パチンコ業界の倒産・閉店ニュースから考える固定費対策
電気代見直しの重要性
パチンコ業界で倒産・閉店のニュースが出るたびに、売上や稼働の話に注目が集まります。ただ、経営の現場では売上だけでなく、毎月必ず出ていく固定費が資金繰りを大きく左右します。
この記事では、ニュースを単なる話題で終わらせず、ホール経営者が今すぐ確認できる固定費対策、とくに電気代の見直しについて整理します。
1. 倒産・閉店ニュースで見るべき視点
個別企業の事情は外部から断定できません。
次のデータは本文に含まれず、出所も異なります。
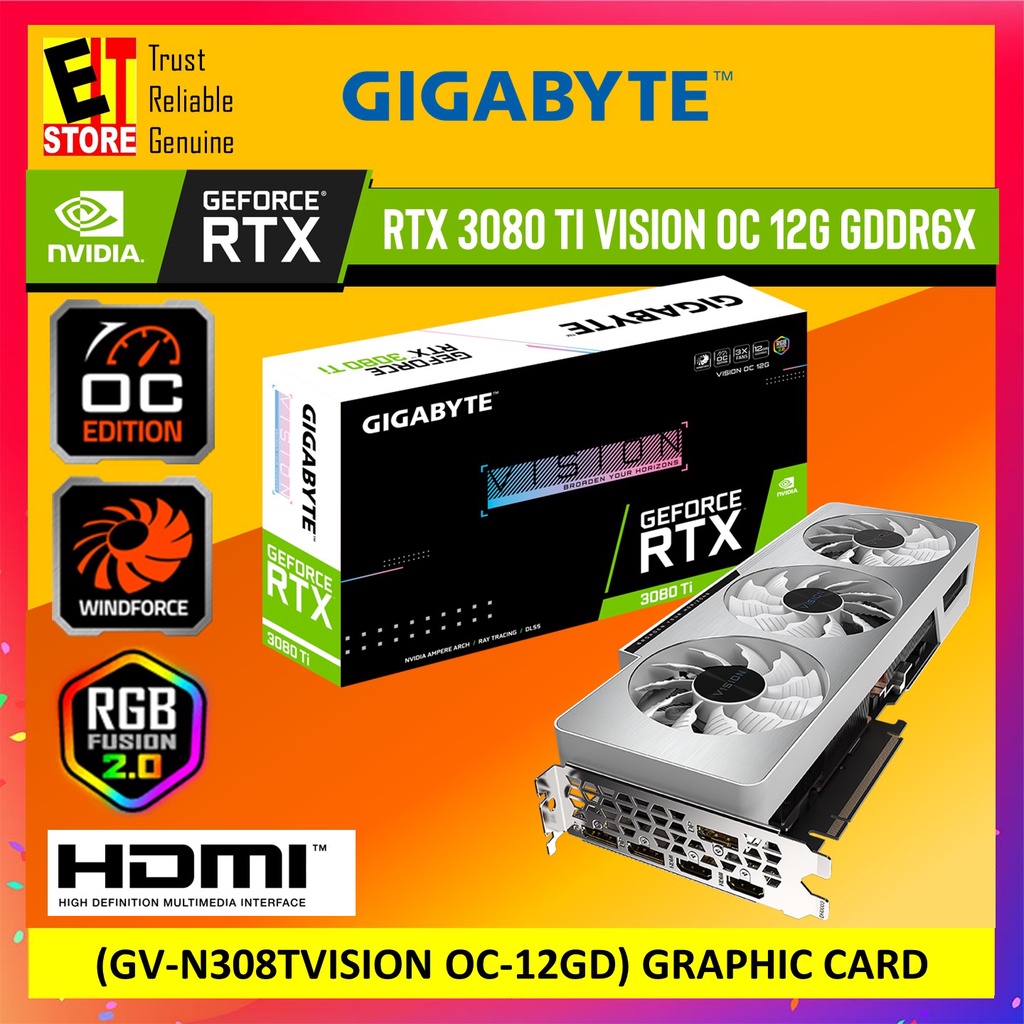 GIGABYTE RTX 3080 Ti VISION OC 12GB GDDR6X GRAPHIC CARD (GV-N308TVISION ...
しかし、業界全体で見ると、来店客数、機械代、人件費、電気代、家賃などの負担が重なり、資金繰りが厳しくなる構造があります。
ニュースを見たときに大事なのは「どこが悪かったのか」を探すことより、自社の固定費に同じリスクがないかを点検することです。
2. 固定費は資金繰りを直接圧迫する
売上が落ちても、家賃・人件費・電気代・設備維持費はすぐには下がりません。特にホールは電力使用量が大きく、電気代が月100万円を超えることもあります。
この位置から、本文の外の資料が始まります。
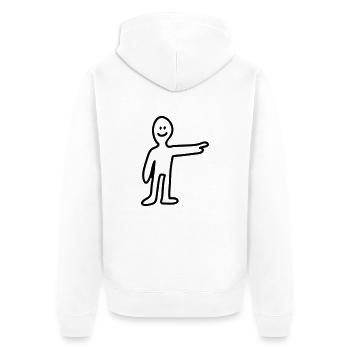 Zeigen - Line - Unisex Premium Bio Zip Hoodie - Weiß - Hinten - Thijin (182cm)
見るべき順番:大きな設備投資より先に、契約見直しで下がる固定費がないかを確認する方が、資金繰り対策としては始めやすいです。
3. 電気代は見直しやすい固定費
電気代は、使用量だけでなく高圧電力の契約条件、基本料金、ピーク電力(最大デマンド)、電力量単価で決まります。同じ営業状態でも、契約を見直すことで下がる可能性があります。
工事なし・設備変更なしで確認できるため、資金繰りが厳しい局面でも取り組みやすい施策です。
4. まず請求書で確認する
直近12ヶ月分の電気料金請求書があれば、季節変動やピークを含めて試算できます。安くならなければ切替不要です。